§ GIVEN INFORMATION:

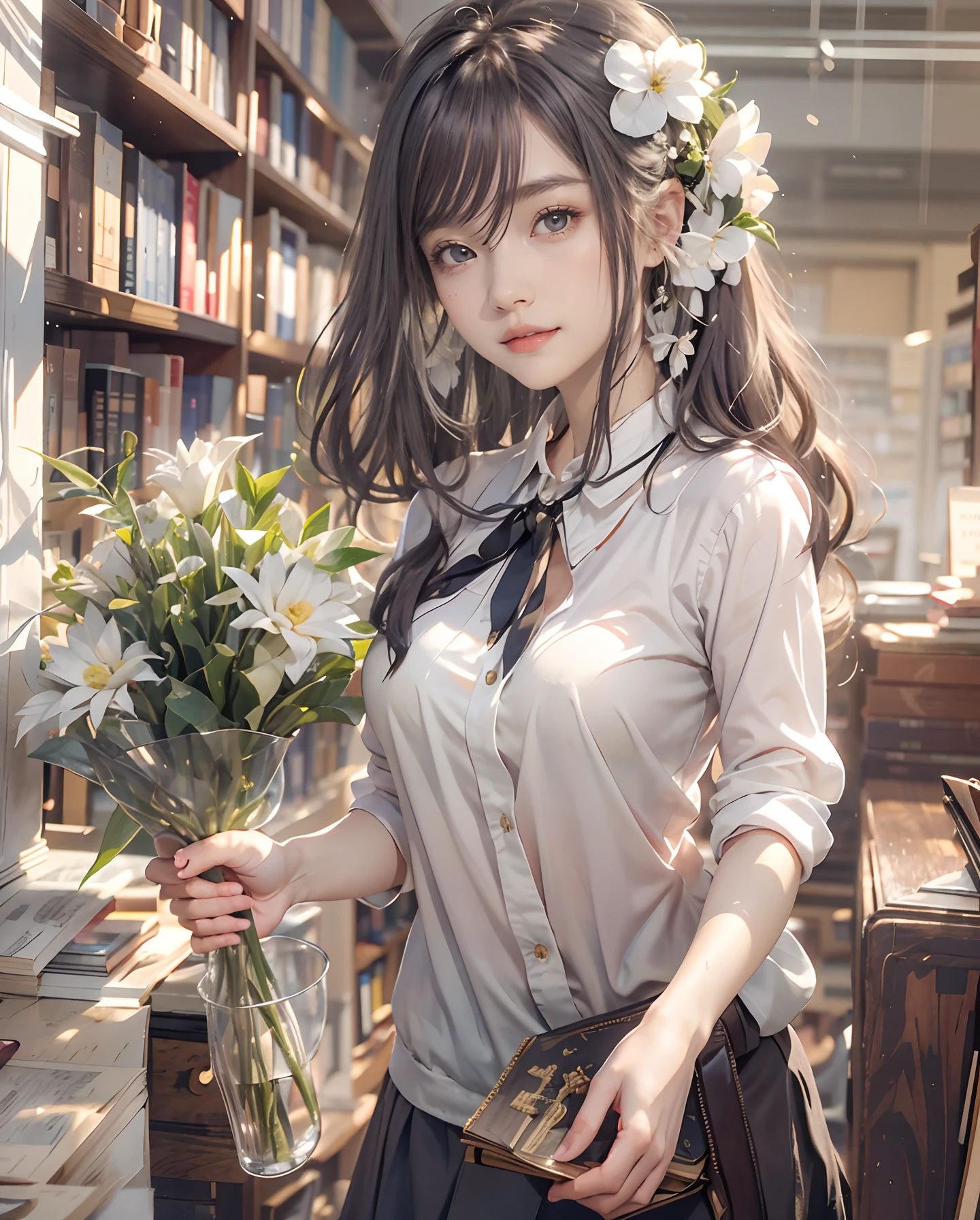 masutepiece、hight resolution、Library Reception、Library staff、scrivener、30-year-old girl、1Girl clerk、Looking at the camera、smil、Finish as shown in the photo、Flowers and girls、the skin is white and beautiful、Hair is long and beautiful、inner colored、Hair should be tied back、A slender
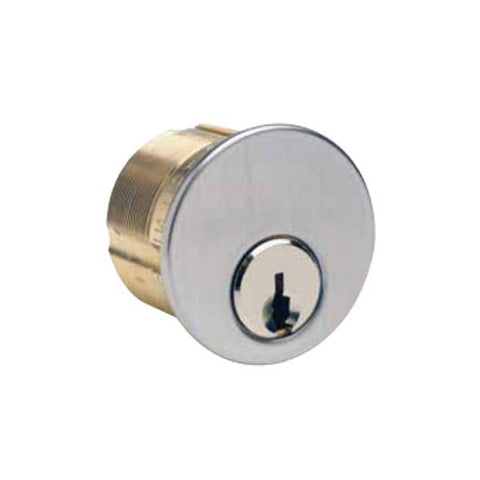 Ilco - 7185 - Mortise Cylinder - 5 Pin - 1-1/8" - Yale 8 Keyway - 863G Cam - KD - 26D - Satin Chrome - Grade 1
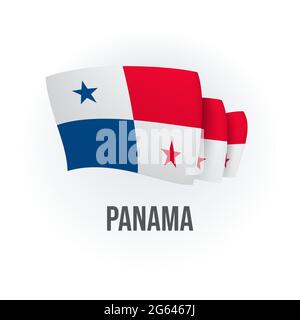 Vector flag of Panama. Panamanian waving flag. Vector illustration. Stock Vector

§ TASK DETAILS:
Would you output the data above exactly as written, but with no images?

§ PROBLEM SOLUTION:
 masutepiece、hight resolution、Library Reception、Library staff、scrivener、30-year-old girl、1Girl clerk、Looking at the camera、smil、Finish as shown in the photo、Flowers and girls、the skin is white and beautiful、Hair is long and beautiful、inner colored、Hair should be tied back、A slender
 Ilco - 7185 - Mortise Cylinder - 5 Pin - 1-1/8" - Yale 8 Keyway - 863G Cam - KD - 26D - Satin Chrome - Grade 1
 Vector flag of Panama. Panamanian waving flag. Vector illustration. Stock Vector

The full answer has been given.